2. Alveolar Rhabdomyosarcoma (ARMS): • Typically affects all age groups. • Is more common among adolescents. • Tends to occur in large muscles, such as trunk, arms and legs. • Cells look like normal muscle cells seen in a 10-week fetus. • Grows faster than ERMS and requires more intense treatment.

To learn about less common types of RMS, visit the Cancer.org webpage.

Signs and Symptoms of RMS

Because skeletal muscles are found almost everywhere in the body, RMS is not constrained to one site, which means symptoms vary depending on the tumor’s location.

Possible symptoms:

• A tumor around the eye could cause the eye to bulge or appear cross-eyed. • A tumor in the neck, chest, back, limbs or groin could appear as a lump or swelling. • A tumor in the ear or nose can result in earaches and congestion. • A tumor in the bladder or prostate can bring about bloody urine, vaginal bleeding or painful urination and bowel movements. • A tumor in the abdomen can result in vomiting, stomach pain or constipation. • More advanced cases of RMS may see symptoms such as bone pain, a lasting cough, weakness or weight loss.

Treatment

The treatment of RMS is contingent on how much of the tumor can be resected upfront. After surgery, treatment types used for RMS include chemotherapy and radiation therapy.

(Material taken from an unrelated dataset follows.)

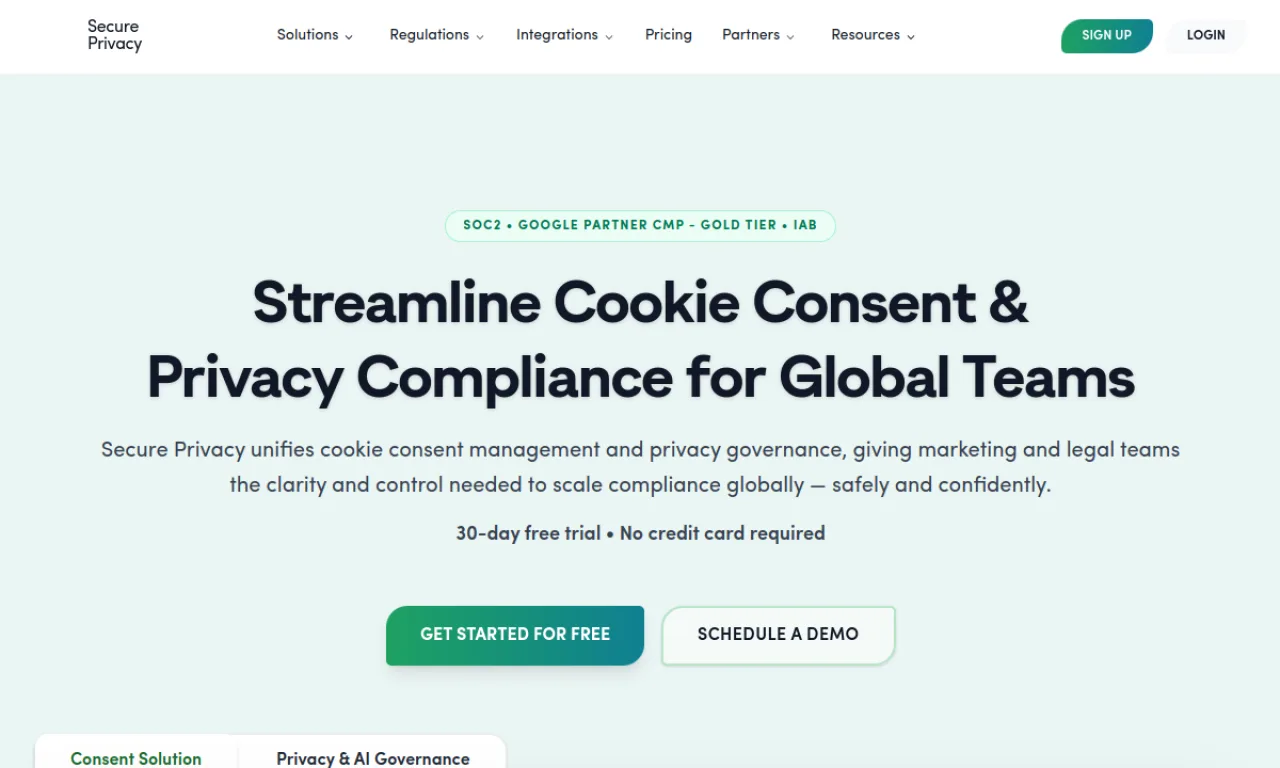 Screenshot of SecurePrivacy website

A team approach is highly recommended for children and teens affected by RMS. The medical team could include an orthopedic surgeon, pediatric surgeon, pediatric oncologist, radiation oncologist, pathologist and physiatrist. Other team members may include nurses, dietician, Child Life and social workers.

The UF Pediatric Sarcoma Program is dedicated to providing comprehensive, cutting edge and compassionate care for children and young adults who have been diagnosed with sarcoma,” Lagmay said. “To provide multidisciplinary care requires that each patient case is discussed with many experts available within UF Health.”

Clinical trials, or carefully controlled research studies, for RMS are another way to get leading-edge cancer treatment. While they are not for everyone, parents can learn more about clinical trials by asking their child’s doctor.

Advancements in treatment of RMS have improved prognosis of patients, but survivors need to be monitored throughout their life for lasting or late effects of chemotherapy and radiation.

While RMS is a rare form of cancer, it is one of the most common soft tissue sarcomas among young children. Be aware and know the signs this Sarcoma Awareness Month.